Of all the entries below, retype only the lines from the one with "Hyd Hyd-catalogo General" through the one with "Smart #1 Premium(MY23)", exactly as they appear.

Web page caption snippets
# # #
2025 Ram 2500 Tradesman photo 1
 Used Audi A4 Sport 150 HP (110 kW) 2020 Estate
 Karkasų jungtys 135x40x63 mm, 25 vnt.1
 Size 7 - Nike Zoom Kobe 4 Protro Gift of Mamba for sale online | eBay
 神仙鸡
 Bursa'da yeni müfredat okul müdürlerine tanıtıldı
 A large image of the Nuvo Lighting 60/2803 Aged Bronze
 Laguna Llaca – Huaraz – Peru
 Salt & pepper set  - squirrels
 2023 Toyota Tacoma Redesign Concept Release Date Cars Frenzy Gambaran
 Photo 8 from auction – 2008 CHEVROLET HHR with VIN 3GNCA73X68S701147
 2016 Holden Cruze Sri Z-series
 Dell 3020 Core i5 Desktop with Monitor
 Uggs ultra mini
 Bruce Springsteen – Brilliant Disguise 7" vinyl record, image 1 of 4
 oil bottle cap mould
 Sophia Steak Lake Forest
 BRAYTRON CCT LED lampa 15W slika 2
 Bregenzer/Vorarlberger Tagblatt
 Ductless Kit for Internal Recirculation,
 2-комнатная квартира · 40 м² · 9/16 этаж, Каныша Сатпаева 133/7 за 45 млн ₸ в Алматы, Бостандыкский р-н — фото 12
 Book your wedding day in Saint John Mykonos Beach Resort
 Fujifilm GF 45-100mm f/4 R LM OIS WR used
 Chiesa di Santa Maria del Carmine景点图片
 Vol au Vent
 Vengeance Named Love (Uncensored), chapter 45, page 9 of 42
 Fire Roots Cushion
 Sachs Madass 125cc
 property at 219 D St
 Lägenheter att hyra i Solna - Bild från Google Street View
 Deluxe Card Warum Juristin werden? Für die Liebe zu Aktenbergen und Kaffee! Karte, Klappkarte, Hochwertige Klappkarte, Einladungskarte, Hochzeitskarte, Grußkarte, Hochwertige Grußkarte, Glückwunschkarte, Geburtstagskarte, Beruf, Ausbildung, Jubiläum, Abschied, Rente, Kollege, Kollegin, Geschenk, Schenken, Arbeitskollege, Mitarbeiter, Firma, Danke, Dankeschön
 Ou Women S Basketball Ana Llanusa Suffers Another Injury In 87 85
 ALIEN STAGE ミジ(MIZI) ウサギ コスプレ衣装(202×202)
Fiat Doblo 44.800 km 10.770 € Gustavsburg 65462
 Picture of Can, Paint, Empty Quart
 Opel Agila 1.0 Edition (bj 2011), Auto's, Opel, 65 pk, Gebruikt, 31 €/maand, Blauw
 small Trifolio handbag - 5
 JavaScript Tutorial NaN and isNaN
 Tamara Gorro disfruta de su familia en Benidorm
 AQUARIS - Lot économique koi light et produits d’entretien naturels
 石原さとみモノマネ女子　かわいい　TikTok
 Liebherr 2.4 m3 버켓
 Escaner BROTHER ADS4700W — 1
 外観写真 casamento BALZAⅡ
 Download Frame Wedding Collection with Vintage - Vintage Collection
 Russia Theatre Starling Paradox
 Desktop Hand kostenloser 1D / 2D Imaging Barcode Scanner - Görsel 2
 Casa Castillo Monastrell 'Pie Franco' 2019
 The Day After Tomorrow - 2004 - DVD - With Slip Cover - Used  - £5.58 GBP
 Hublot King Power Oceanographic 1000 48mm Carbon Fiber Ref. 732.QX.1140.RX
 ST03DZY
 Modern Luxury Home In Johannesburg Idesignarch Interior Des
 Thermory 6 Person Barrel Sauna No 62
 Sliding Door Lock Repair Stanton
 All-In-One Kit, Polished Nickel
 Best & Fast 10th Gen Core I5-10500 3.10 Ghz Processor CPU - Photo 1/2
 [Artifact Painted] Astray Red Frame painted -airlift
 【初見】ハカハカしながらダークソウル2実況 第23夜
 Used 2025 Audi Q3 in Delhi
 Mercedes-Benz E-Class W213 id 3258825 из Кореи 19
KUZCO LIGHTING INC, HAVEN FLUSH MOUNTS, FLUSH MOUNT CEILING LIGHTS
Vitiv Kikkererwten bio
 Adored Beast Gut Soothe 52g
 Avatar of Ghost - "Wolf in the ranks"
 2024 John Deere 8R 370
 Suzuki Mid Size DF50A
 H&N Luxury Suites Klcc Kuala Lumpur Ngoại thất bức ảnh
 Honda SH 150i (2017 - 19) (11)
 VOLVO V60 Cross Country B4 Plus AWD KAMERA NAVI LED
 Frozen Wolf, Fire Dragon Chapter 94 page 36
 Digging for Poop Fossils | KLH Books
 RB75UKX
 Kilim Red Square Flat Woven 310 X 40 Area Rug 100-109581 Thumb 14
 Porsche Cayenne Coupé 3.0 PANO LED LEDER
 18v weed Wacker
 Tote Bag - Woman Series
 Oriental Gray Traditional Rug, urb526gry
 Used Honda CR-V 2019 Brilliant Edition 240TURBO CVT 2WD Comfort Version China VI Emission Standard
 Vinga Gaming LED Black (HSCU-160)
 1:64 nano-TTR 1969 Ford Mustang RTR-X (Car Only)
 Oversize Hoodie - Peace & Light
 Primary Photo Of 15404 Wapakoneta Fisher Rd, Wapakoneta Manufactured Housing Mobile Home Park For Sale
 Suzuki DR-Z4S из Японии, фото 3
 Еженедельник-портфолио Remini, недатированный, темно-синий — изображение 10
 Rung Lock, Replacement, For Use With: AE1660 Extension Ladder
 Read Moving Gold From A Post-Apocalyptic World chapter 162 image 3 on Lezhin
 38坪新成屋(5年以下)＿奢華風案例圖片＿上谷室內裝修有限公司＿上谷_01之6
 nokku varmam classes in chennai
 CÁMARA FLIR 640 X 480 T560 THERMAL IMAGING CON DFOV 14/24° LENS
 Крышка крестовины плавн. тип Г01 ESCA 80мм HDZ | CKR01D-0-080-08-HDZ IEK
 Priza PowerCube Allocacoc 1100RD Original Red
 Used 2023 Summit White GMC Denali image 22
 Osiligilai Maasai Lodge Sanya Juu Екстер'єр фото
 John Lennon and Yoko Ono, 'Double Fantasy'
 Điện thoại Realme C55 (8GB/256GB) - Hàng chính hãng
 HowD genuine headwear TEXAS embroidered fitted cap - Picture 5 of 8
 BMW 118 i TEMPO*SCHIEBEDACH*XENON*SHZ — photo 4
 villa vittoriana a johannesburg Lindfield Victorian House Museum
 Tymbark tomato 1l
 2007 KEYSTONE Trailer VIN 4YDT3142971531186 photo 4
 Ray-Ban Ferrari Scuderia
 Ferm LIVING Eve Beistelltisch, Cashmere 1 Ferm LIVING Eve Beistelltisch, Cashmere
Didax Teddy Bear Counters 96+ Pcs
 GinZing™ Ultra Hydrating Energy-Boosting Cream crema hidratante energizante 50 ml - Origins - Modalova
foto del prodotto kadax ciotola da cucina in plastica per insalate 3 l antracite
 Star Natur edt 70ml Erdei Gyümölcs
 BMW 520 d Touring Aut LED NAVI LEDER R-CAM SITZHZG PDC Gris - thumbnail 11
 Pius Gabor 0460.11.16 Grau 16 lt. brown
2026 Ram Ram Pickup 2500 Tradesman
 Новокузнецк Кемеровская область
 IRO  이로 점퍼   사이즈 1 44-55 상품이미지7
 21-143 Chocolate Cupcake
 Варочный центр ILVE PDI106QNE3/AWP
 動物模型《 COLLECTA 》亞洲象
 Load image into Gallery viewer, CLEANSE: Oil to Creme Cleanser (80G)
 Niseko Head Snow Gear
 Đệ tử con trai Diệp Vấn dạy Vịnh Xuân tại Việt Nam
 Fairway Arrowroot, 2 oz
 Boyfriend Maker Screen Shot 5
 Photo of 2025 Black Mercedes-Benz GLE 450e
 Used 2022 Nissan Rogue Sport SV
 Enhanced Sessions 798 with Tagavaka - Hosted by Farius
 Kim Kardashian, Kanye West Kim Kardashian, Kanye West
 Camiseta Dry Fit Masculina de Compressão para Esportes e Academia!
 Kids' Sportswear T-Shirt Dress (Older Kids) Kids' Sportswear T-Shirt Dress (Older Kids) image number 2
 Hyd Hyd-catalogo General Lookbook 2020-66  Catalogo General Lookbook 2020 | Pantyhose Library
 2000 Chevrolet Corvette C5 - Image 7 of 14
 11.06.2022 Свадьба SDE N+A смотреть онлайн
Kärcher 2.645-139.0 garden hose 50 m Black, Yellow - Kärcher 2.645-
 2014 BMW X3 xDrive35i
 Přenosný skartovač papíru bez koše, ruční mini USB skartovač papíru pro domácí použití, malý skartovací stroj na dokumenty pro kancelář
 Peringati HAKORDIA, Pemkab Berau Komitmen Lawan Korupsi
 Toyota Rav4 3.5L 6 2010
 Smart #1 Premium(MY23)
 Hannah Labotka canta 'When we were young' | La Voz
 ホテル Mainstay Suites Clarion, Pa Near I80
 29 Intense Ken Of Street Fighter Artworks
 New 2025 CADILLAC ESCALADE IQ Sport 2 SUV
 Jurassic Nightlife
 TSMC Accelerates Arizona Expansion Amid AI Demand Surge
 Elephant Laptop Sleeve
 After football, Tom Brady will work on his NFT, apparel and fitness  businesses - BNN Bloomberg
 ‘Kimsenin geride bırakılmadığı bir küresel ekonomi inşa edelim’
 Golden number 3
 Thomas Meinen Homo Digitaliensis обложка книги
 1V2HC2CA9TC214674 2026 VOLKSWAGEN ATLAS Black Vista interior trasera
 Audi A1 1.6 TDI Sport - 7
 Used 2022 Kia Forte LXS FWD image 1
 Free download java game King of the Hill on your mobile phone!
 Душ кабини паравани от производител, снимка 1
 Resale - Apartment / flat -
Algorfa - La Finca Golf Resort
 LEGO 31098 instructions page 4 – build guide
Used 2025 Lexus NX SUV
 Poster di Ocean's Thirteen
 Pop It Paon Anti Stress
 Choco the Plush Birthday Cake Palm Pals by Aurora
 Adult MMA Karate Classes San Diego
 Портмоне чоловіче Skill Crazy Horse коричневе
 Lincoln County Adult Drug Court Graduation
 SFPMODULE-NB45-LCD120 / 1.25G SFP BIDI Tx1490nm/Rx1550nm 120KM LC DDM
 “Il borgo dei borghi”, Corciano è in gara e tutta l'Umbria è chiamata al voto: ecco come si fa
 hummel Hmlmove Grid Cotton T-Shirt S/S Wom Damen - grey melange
# # #
◆ **Response area**
 Hyd Hyd-catalogo General Lookbook 2020-66  Catalogo General Lookbook 2020 | Pantyhose Library
 2000 Chevrolet Corvette C5 - Image 7 of 14
 11.06.2022 Свадьба SDE N+A смотреть онлайн
Kärcher 2.645-139.0 garden hose 50 m Black, Yellow - Kärcher 2.645-
 2014 BMW X3 xDrive35i
 Přenosný skartovač papíru bez koše, ruční mini USB skartovač papíru pro domácí použití, malý skartovací stroj na dokumenty pro kancelář
 Peringati HAKORDIA, Pemkab Berau Komitmen Lawan Korupsi
 Toyota Rav4 3.5L 6 2010
 Smart #1 Premium(MY23)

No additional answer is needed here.